A dual-scenario hybrid machine learning framework integrating unsupervised clustering with supervised classification using noninvasive body composition features achieved up to 98.23% accuracy for hypertension risk prediction, with clustering augmentation improving generalization particularly for ensemble-based learners.
Key Findings
Results
K-Means clustering identified five physiological subgroups among hypertensive individuals with validated cluster quality metrics.

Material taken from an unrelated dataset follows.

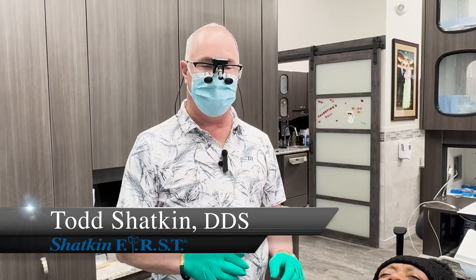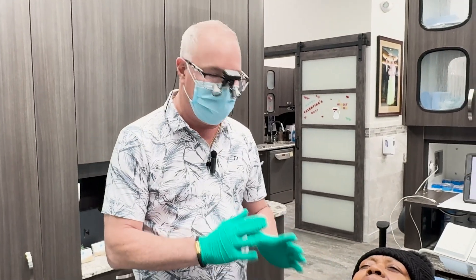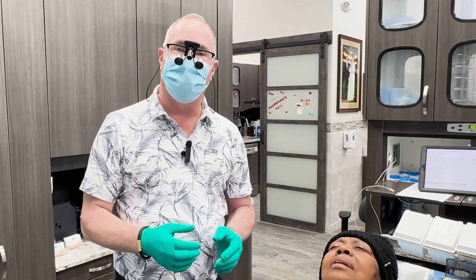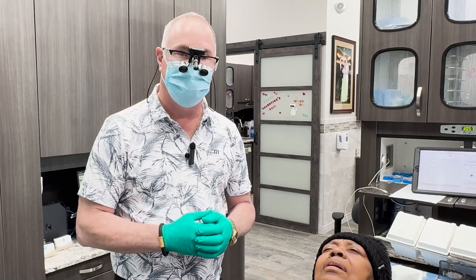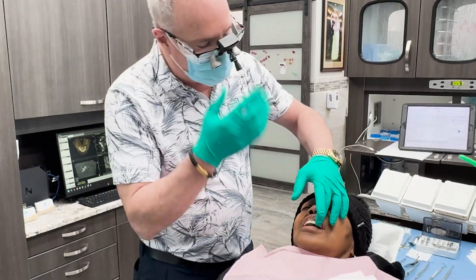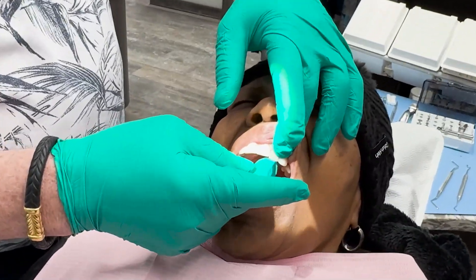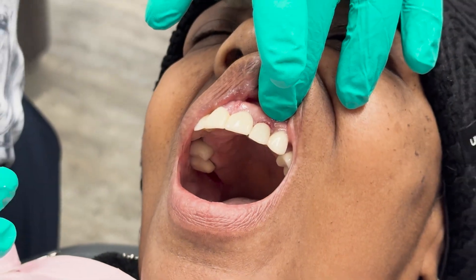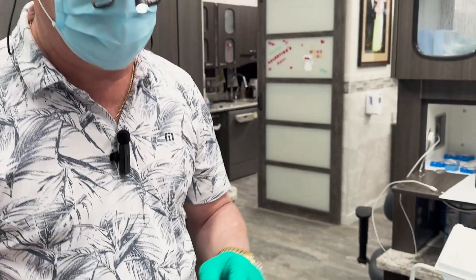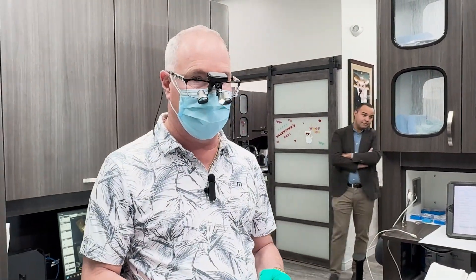Today we're going to be taking out tooth number 10 on this lovely lady, Marie, who's been a long-time patient of mine. We're going to be replacing it with a 3mm by 13 length mono implant. Tooth number 10 is mobile — it's an old tooth that had a root canal, post, and crown and it needs to come out. So we're going to be extracting that today and immediately placing a mono implant.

Clustering was performed exclusively on hypertensive individuals using an unsupervised approach inspired by self-labeling principles.
Cluster quality was validated using Silhouette index (0.3371), Davies-Bouldin index (1.0094), and Calinski-Harabasz index (720.10).
Significant intercluster variability was observed across key indicators including FATP, RLFATP, LLFATP, FATM, and age (p < 0.001).
Results
In Scenario 1, SVM with random oversampling achieved the best performance for hypertensive subgroup discrimination.
SVM with random oversampling achieved accuracy = 99.08%, F1 = 98.04%, and AUC = 99.98%.
Five models were evaluated for subgroup classification within the hypertensive population.
This scenario prioritized interpretability through subgroup discovery rather than binary classification.
Results
In Scenario 2, the ExtraTrees classifier on the cluster-augmented dataset achieved superior binary classification performance between healthy and hypertensive subjects.
ExtraTrees achieved accuracy = 98.23%, recall = 98.30%, precision = 98.17%, F1 = 98.23%, and AUC = 99.87%.
Five models were tested: ExtraTrees, KNN, SVM, Gaussian Naive Bayes, and Decision Tree, across multiple configurations.
The cluster-augmented dataset yielded the best results compared to non-augmented configurations.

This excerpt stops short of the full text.